CAT: Digital solutions are helping us overcome operational changes due to COVID-19. We secured online access to all the processes, from catchment to treatment and final distribution, which has helped employees implement home offices for teleworking. Moreover, although COVID-19 is not transmitted through water, online water quality monitoring helps to show the client population that their safety is under control.
SPU: Digital solutions have enhanced our ability to implement social distancing and best hygiene/safety practices. Where digital solutions have been implemented effectively, staff can work remotely and with less person-to-person contact. Also, digital solutions have been rolled out to public-facing activities, where we have been able to decrease or close down public-facing counters/activities to avoid direct contact with the public.
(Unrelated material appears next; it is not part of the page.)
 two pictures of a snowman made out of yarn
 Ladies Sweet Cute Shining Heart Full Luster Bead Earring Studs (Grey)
Digital solutions have facilitated virtual meetings with staff and the public and have also facilitated greater ease of accessing information for both our staff and the public.
Vitens: All Vitens employees can work remotely with the applications they need. Regarding our operations, the Vitens SmartGrid and enabling technologies such as SLIMM, OPIR (Aquasuite RHDHV) and the dense sensor network are operating as a real-time digital network. In the case of an emergency, we can respond immediately to our customers by making use of WhatsApp, SMS, and website applications to manage social media traffic.
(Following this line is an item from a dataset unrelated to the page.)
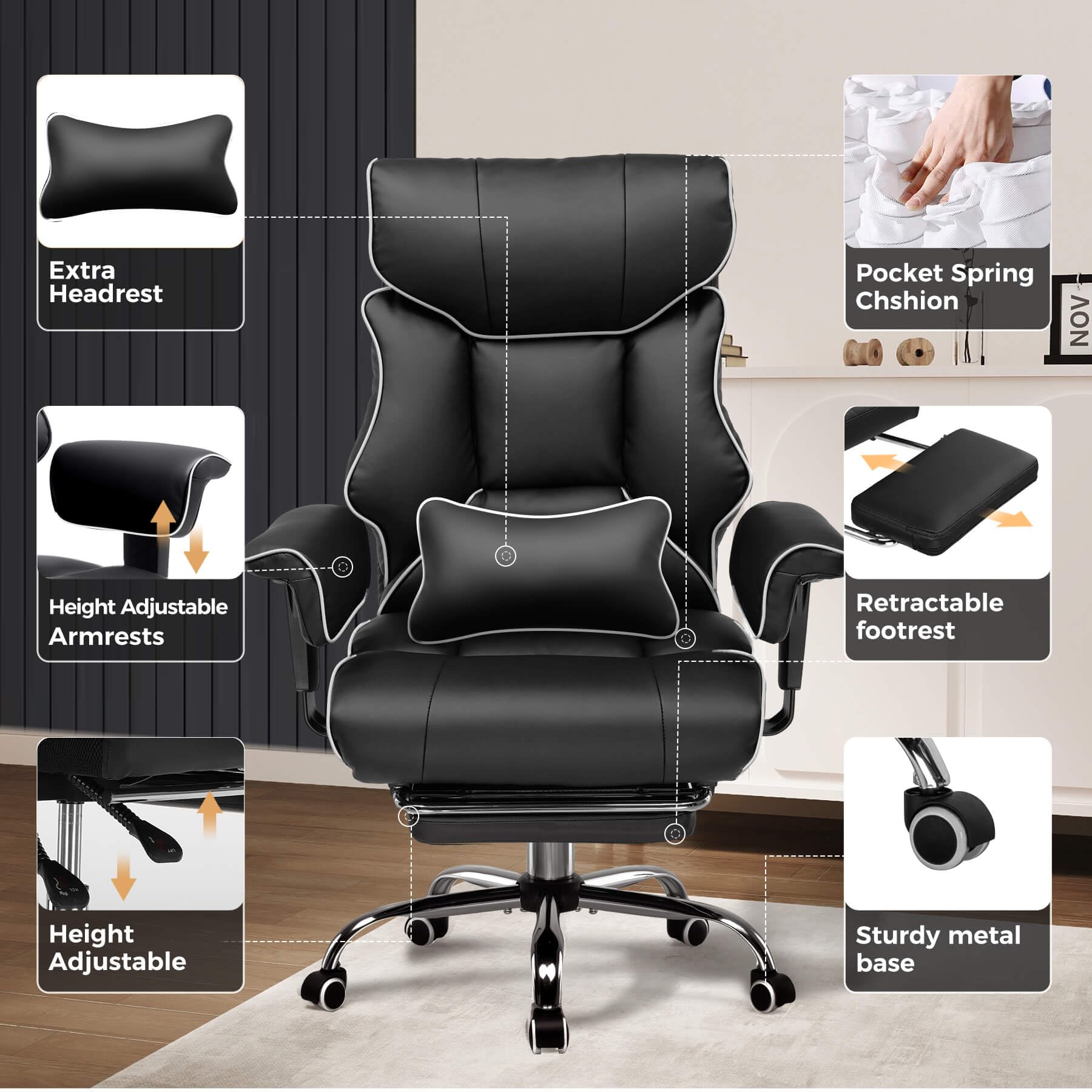 GTPLAYER Big and Tall Gaming Chair 400lbs Heavy Duty Office Chair with Foot Rest & Ergonomic Pocket Spring Cushion, High Back Lumbar Support for Lower Back Pain Relief, White/Black view 5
In these crisis times, what measures (if any) should residents take regarding their water use?
MM: Regarding the COVID-19 emergency, residents do not have to take specific measures for their water use. According to the water, sanitation, hygiene, and waste management for the COVID-19 virus report published by the WHO, the virus has not been detected in drinking water supplies [..]” and “centralised water treatment methods that utilise disinfection should inactivate the COVID-19 virus. The COVID-19 virus is likely to be more sensitive to chlorine and other oxidant disinfection processes than many other viruses”. At MM, we use Sodium hypochlorite (NaClO), so our residents’ safety is guaranteed.
CAT: It is important to remember that water safety is completely guaranteed due to the different disinfection processes in the Treatment plant. Fortunately, water delivery is not impacted by this emergency, so the residents do not need to take special measures but must continue to use water responsibly during confinement.
SPU: During the COVID-19 emergency, we are encouraging residents to continue using their water as they would normally. Their water is safe to consume.
Vitens: Water utilities in the Netherlands received science-based information from both the National Institute of Health (RIVM) and KWR (Dutch Water Research Institute) that there is no significant risk of COVID-19 related to drinking water production and consumption. This information was shared to all Vitens customers including industrial users and critical locations like hospital and elderly homes that the use of tap water is safe
As demonstrated by MM, CAT, SPU, and Vitens, water utilities are at the forefront of the global pandemic and responding to emergency situations. By leveraging smart water technologies, water operators can implement data-driven responses and more effectively adapt to new challenges. Such efforts are representative of must-have smart water strategies as part of this new world order.